Turkish is a very musical language with everything built on vowel harmony; words that begin with vowels that are sounded in the front of the mouth will end with front-sounding vowels. Likewise, words with throaty vowels will end with throaty vowels. Turkish is what's called an agglutinating language— "attachments" or suffixes are stuck onto words to create a sentence or part of a sentence. It sounds complicated, but once you've got the rhythm down, it comes easier than most languages. There are also very few grammatical irregularities, and everything is phonetic!

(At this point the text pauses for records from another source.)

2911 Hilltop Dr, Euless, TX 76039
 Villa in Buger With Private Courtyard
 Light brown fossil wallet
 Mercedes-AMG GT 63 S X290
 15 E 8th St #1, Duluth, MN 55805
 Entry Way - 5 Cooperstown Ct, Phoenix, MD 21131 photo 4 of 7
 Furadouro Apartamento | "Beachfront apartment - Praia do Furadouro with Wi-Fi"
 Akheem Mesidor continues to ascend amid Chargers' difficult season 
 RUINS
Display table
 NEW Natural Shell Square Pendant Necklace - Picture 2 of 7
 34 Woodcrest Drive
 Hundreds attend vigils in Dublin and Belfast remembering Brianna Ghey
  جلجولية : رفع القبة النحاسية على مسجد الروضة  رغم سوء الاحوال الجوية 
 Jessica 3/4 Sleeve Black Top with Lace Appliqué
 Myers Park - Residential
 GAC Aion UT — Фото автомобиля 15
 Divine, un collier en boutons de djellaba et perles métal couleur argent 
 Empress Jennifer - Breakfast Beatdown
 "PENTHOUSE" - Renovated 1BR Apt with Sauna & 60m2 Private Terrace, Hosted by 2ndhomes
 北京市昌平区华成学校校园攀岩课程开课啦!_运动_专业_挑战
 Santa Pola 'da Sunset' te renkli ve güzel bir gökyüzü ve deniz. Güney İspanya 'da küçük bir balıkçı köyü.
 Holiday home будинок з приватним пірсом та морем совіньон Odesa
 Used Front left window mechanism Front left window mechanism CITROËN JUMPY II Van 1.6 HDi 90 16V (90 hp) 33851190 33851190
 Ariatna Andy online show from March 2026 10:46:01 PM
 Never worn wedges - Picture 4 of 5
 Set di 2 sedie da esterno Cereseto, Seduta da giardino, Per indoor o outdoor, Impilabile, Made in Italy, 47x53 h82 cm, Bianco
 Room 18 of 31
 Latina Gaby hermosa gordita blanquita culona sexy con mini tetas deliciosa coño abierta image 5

After the yoghurt and the language lesson I worked on some pigeons, a drawing of a migraine I had recently and an entry for Moleskine Exchange 48.
I also drew a guy I saw in a café this afternoon, but I don't like how it came out. If he grows on me, he'll be scanned and posted.

Saturday, January 17, 2009

a semi-productive day

I had planned on going to the Dalí exhibit at the Sabanci Museum today but when I saw the line that stretched down the road, I knew it wasn't going to happen. I went home to work on some new pigeons for my Coup series.
I started Coup in 2007 for fun, never expecting them to fly off the shelves as they have. But really, who wouldn't want a drawing of a pigeon with a Napoleonic complex? I adore pigeons, and took to studying their behaviour back in San Francisco. I noticed that many pigeons were missing feet from all those horrible spikes people place on ledges. In all the places I have lived, I had never seen such mangled birds. I imagined that they had had enough, that a pigeon's coo was a call for a coup. I broke out my Prismacolors and metallic ink, and Coup was born. I'm delighted that it has been so appreciated!

Once I get the new pigeons I am working on to a good point, I'll post a photo of them for you. In the meantime, here's a small sampling of my feathered friends:

On a different note, these are two of my latest sketches. The first takes place in a Starbucks— I saw this woman and had to draw her, her hair was enormous and her expression incredible. The second I sketched tonight at Filiz, a fantastic fish restaurant in Tarabya.

Friday, January 16, 2009

new shoes, an early gift and an experiment.

Isn't it marvellous when something you've had your eye on is suddenly 60% off? I've been dreaming of these strappy gray babies since before the holidays. Today I'm wearing the 10 lira/6 dollar shirt-dress I found at the Levent market in December, my souvenir-scarf from Lebanon and the belt I got for Christmas from my mom. I ended up switching shoes before running out the door since I was planning on going to Ortaköy, a fun part of town with narrow cobblestone alleys that while charming, can eat up your heels. It was a quick trip— tea in a cosy café, a game of checkers and peeking in boutiques. As an early birthday gift, my sister bought me a gorgeous handmade necklace of antique beads crocheted onto the trim of old scarves. I fell for it instantly, it so reminded me of spring. I still can't quite believe I'll be 30 in the next two weeks. I'm excited—
I plan on having much more fun in my thirties.

On Tuesday I went to a café in Yeniköy called the Yeniköy Spor Kulübü, where people often get together to play Mah-jong, Okey and cards in addition to having lunch. I decided to try sketching with gouache in an attempt to loosen up my drawing style. I think I'll keep trying to see what happens.

Please click on the image to see it larger.

It is imperative that any Sketcher have within reach a delicious Turkish coffee, or kahve. A Turkish coffee is thick, silty and strong, served in a dainty little cup. I like it best orta, medium-sweet— your other options are şekersiz, sugarless and şekerli, sweet. There's a tradition of flipping the emptied cup upside down onto its saucer and reading the future in the sediment left behind. I've seen a jungle full of animals and patterns in mine, but I haven't the foggiest what it all means!